For example, a front page story in the January 14th issue of the San Francisco Chronicle began: "From Eureka's waterfront to San Diego's Gaslamp Quarter, California's redevelopment program has transformed polluted and blighted areas across the state into thriving destination spots and commercial districts for nearly 60 years."
This reads like a commercial for something-- and it is. It is a political commercial for continuing to spend taxpayer money on California's "redevelopment" programs costing billions of dollars, despite a budget crisis brought on by a record-breaking state deficit.
An accompanying "news" story on an inside page of the same newspaper has a headline that says: "Cut is a Threat to Affordable Housing in S.F." The opening sentence says: "San Francisco has built thousands of affordable housing units thanks to redevelopment funds, which Gov. Jerry Brown wants to eliminate."
The idea of "affordable housing" in San Francisco is a joke-- a very bad joke.

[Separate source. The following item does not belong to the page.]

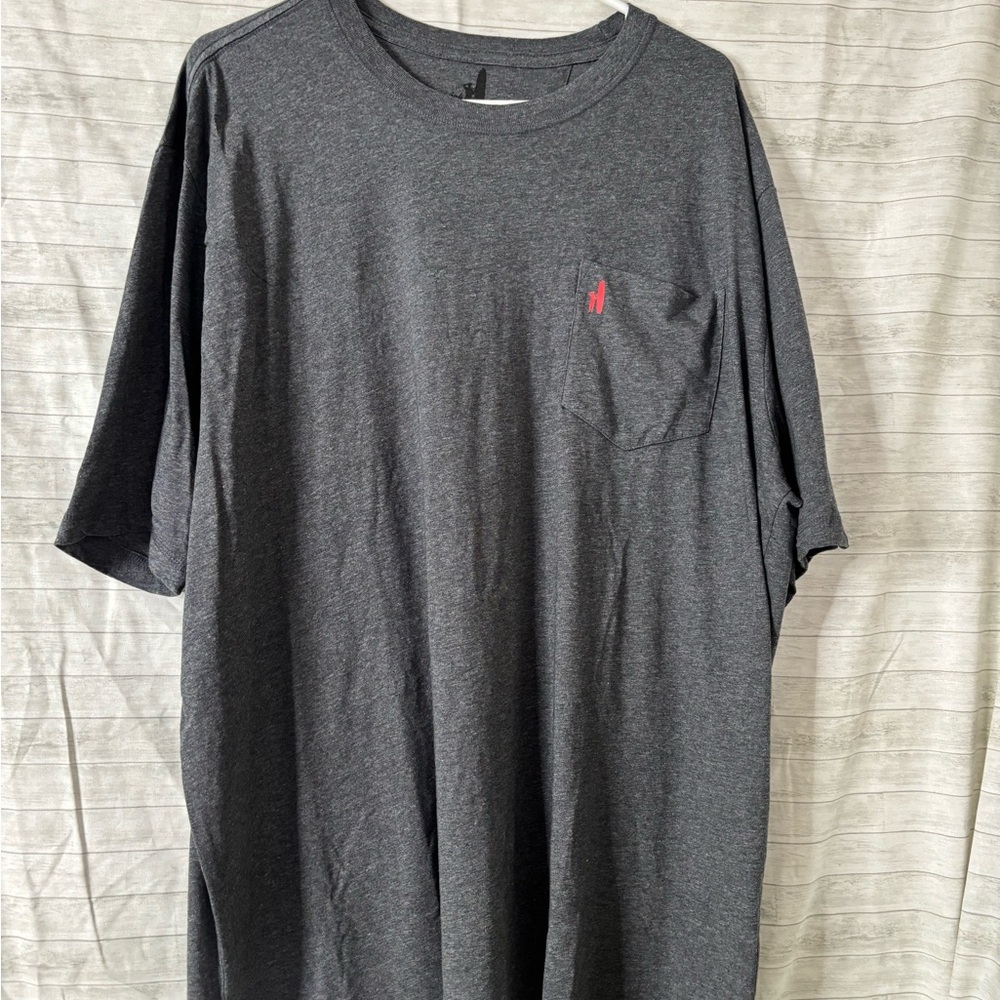 johnnie-O Charcoal Gray Short Sleeve Tee(A115)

This same newspaper, just a few years ago, mentioned a graduate student looking for a place to rent in San Francisco, who was "visiting one exorbitantly priced hovel after another."
Massive government intervention has made San Francisco one of the most expensive housing markets in the country. Creating token amounts of taxpayer-subsidized "affordable housing" does not undo the over-all damage that politicians have done by their severe restrictions on building.
Before the era of massive government interventions in the housing markets, beginning in the 1970s, San Francisco housing cost about the same as housing elsewhere in the country. After the environmentalists and others pushed for heavy-handed government restrictions on building anything anywhere, San Francisco housing prices rose to become more than triple the national average.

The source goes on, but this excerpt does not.